WORK TO COMPLETE: From the first line of the records below through the line containing "Casa à venda", copy everything exactly and nothing more.
☆ ☆ ☆
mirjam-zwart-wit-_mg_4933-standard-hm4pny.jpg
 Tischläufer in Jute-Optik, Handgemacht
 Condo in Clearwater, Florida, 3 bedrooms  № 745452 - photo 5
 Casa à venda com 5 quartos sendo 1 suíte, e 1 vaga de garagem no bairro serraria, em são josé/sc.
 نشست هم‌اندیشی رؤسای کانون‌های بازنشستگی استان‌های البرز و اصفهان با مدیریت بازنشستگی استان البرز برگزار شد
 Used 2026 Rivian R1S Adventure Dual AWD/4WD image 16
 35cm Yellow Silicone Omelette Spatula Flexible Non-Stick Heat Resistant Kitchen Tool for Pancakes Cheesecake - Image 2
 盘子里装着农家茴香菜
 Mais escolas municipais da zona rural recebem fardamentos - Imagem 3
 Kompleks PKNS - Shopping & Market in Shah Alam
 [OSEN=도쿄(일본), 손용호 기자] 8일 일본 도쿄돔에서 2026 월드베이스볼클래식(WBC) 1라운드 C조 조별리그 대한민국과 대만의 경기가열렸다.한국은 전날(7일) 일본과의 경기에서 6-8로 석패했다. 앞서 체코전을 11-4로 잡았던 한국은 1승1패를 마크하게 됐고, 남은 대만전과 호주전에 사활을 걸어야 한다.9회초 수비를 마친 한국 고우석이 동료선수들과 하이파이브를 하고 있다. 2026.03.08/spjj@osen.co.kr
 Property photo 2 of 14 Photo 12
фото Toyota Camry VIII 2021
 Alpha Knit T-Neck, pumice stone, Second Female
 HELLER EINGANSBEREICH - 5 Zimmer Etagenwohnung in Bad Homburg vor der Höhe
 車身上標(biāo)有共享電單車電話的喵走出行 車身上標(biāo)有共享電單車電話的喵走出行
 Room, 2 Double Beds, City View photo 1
☆ ☆ ☆
TASK SOLUTION:
mirjam-zwart-wit-_mg_4933-standard-hm4pny.jpg
 Tischläufer in Jute-Optik, Handgemacht
 Condo in Clearwater, Florida, 3 bedrooms  № 745452 - photo 5
 Casa à venda com 5 quartos sendo 1 suíte, e 1 vaga de garagem no bairro serraria, em são josé/sc.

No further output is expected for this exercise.